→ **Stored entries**
################

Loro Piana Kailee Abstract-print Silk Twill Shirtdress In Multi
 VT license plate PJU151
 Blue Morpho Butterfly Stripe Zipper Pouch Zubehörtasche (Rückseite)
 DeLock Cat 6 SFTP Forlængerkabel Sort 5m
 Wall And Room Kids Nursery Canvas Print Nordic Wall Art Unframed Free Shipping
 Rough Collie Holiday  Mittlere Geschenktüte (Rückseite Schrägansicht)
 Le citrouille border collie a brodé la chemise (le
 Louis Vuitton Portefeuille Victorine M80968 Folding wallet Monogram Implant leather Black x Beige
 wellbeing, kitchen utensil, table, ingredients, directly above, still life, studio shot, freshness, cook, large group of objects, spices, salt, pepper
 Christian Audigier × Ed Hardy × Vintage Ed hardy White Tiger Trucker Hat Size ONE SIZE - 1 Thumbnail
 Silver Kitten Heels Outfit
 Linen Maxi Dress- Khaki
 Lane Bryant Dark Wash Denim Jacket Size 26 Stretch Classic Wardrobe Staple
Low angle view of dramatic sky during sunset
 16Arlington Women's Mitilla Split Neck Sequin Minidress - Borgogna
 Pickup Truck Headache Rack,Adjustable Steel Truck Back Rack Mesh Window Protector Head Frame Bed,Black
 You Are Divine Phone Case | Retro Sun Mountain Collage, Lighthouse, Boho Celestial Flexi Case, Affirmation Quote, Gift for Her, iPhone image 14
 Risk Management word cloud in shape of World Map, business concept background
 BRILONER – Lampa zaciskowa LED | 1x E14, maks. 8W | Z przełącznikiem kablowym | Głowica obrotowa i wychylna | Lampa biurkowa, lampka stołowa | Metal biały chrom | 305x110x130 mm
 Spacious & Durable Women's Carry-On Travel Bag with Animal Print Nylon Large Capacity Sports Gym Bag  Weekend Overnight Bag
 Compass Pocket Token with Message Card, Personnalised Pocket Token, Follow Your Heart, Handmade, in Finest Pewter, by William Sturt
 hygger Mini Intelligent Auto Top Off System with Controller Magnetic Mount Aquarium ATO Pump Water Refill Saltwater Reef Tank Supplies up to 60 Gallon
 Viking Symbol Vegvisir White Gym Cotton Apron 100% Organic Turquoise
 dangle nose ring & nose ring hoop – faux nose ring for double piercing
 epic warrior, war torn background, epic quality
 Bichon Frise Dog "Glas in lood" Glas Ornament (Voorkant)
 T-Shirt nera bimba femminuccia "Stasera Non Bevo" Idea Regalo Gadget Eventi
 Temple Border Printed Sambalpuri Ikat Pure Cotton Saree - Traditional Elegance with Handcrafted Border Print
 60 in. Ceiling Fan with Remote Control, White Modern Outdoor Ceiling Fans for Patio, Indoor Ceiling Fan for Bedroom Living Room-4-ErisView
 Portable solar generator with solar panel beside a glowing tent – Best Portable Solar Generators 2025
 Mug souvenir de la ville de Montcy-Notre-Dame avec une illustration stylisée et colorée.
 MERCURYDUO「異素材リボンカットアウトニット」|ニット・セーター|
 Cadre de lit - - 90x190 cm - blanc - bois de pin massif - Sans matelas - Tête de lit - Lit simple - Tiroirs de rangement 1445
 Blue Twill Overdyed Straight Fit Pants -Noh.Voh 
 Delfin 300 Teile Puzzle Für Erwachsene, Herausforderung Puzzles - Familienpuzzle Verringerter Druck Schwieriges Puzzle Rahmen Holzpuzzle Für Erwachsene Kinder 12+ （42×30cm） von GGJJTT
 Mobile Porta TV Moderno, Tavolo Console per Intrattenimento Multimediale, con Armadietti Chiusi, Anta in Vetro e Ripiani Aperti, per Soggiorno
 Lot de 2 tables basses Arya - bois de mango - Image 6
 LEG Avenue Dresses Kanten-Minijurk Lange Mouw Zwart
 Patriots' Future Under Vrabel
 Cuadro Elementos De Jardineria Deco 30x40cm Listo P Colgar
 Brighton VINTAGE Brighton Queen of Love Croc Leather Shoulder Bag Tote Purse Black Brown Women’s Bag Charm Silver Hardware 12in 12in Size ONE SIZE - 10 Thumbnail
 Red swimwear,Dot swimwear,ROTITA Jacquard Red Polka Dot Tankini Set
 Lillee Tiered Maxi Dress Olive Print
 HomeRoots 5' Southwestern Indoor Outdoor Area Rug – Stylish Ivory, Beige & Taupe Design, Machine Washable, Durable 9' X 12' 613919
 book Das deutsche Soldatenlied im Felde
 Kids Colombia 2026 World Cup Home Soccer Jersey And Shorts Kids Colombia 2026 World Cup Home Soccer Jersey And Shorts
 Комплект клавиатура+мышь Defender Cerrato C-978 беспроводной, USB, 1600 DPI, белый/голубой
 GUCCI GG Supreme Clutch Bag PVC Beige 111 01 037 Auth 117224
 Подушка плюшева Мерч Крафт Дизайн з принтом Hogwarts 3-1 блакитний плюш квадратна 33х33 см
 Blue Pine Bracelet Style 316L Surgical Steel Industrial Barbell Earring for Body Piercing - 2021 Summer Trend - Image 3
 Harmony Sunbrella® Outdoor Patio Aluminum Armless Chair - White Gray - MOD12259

################

Could the data above be returned exactly as it stands?

Loro Piana Kailee Abstract-print Silk Twill Shirtdress In Multi
 VT license plate PJU151
 Blue Morpho Butterfly Stripe Zipper Pouch Zubehörtasche (Rückseite)
 DeLock Cat 6 SFTP Forlængerkabel Sort 5m
 Wall And Room Kids Nursery Canvas Print Nordic Wall Art Unframed Free Shipping
 Rough Collie Holiday  Mittlere Geschenktüte (Rückseite Schrägansicht)
 Le citrouille border collie a brodé la chemise (le
 Louis Vuitton Portefeuille Victorine M80968 Folding wallet Monogram Implant leather Black x Beige
 wellbeing, kitchen utensil, table, ingredients, directly above, still life, studio shot, freshness, cook, large group of objects, spices, salt, pepper
 Christian Audigier × Ed Hardy × Vintage Ed hardy White Tiger Trucker Hat Size ONE SIZE - 1 Thumbnail
 Silver Kitten Heels Outfit
 Linen Maxi Dress- Khaki
 Lane Bryant Dark Wash Denim Jacket Size 26 Stretch Classic Wardrobe Staple
Low angle view of dramatic sky during sunset
 16Arlington Women's Mitilla Split Neck Sequin Minidress - Borgogna
 Pickup Truck Headache Rack,Adjustable Steel Truck Back Rack Mesh Window Protector Head Frame Bed,Black
 You Are Divine Phone Case | Retro Sun Mountain Collage, Lighthouse, Boho Celestial Flexi Case, Affirmation Quote, Gift for Her, iPhone image 14
 Risk Management word cloud in shape of World Map, business concept background
 BRILONER – Lampa zaciskowa LED | 1x E14, maks. 8W | Z przełącznikiem kablowym | Głowica obrotowa i wychylna | Lampa biurkowa, lampka stołowa | Metal biały chrom | 305x110x130 mm
 Spacious & Durable Women's Carry-On Travel Bag with Animal Print Nylon Large Capacity Sports Gym Bag  Weekend Overnight Bag
 Compass Pocket Token with Message Card, Personnalised Pocket Token, Follow Your Heart, Handmade, in Finest Pewter, by William Sturt
 hygger Mini Intelligent Auto Top Off System with Controller Magnetic Mount Aquarium ATO Pump Water Refill Saltwater Reef Tank Supplies up to 60 Gallon
 Viking Symbol Vegvisir White Gym Cotton Apron 100% Organic Turquoise
 dangle nose ring & nose ring hoop – faux nose ring for double piercing
 epic warrior, war torn background, epic quality
 Bichon Frise Dog "Glas in lood" Glas Ornament (Voorkant)
 T-Shirt nera bimba femminuccia "Stasera Non Bevo" Idea Regalo Gadget Eventi
 Temple Border Printed Sambalpuri Ikat Pure Cotton Saree - Traditional Elegance with Handcrafted Border Print
 60 in. Ceiling Fan with Remote Control, White Modern Outdoor Ceiling Fans for Patio, Indoor Ceiling Fan for Bedroom Living Room-4-ErisView
 Portable solar generator with solar panel beside a glowing tent – Best Portable Solar Generators 2025
 Mug souvenir de la ville de Montcy-Notre-Dame avec une illustration stylisée et colorée.
 MERCURYDUO「異素材リボンカットアウトニット」|ニット・セーター|
 Cadre de lit - - 90x190 cm - blanc - bois de pin massif - Sans matelas - Tête de lit - Lit simple - Tiroirs de rangement 1445
 Blue Twill Overdyed Straight Fit Pants -Noh.Voh 
 Delfin 300 Teile Puzzle Für Erwachsene, Herausforderung Puzzles - Familienpuzzle Verringerter Druck Schwieriges Puzzle Rahmen Holzpuzzle Für Erwachsene Kinder 12+ （42×30cm） von GGJJTT
 Mobile Porta TV Moderno, Tavolo Console per Intrattenimento Multimediale, con Armadietti Chiusi, Anta in Vetro e Ripiani Aperti, per Soggiorno
 Lot de 2 tables basses Arya - bois de mango - Image 6
 LEG Avenue Dresses Kanten-Minijurk Lange Mouw Zwart
 Patriots' Future Under Vrabel
 Cuadro Elementos De Jardineria Deco 30x40cm Listo P Colgar
 Brighton VINTAGE Brighton Queen of Love Croc Leather Shoulder Bag Tote Purse Black Brown Women’s Bag Charm Silver Hardware 12in 12in Size ONE SIZE - 10 Thumbnail
 Red swimwear,Dot swimwear,ROTITA Jacquard Red Polka Dot Tankini Set
 Lillee Tiered Maxi Dress Olive Print
 HomeRoots 5' Southwestern Indoor Outdoor Area Rug – Stylish Ivory, Beige & Taupe Design, Machine Washable, Durable 9' X 12' 613919
 book Das deutsche Soldatenlied im Felde
 Kids Colombia 2026 World Cup Home Soccer Jersey And Shorts Kids Colombia 2026 World Cup Home Soccer Jersey And Shorts
 Комплект клавиатура+мышь Defender Cerrato C-978 беспроводной, USB, 1600 DPI, белый/голубой
 GUCCI GG Supreme Clutch Bag PVC Beige 111 01 037 Auth 117224
 Подушка плюшева Мерч Крафт Дизайн з принтом Hogwarts 3-1 блакитний плюш квадратна 33х33 см
 Blue Pine Bracelet Style 316L Surgical Steel Industrial Barbell Earring for Body Piercing - 2021 Summer Trend - Image 3
 Harmony Sunbrella® Outdoor Patio Aluminum Armless Chair - White Gray - MOD12259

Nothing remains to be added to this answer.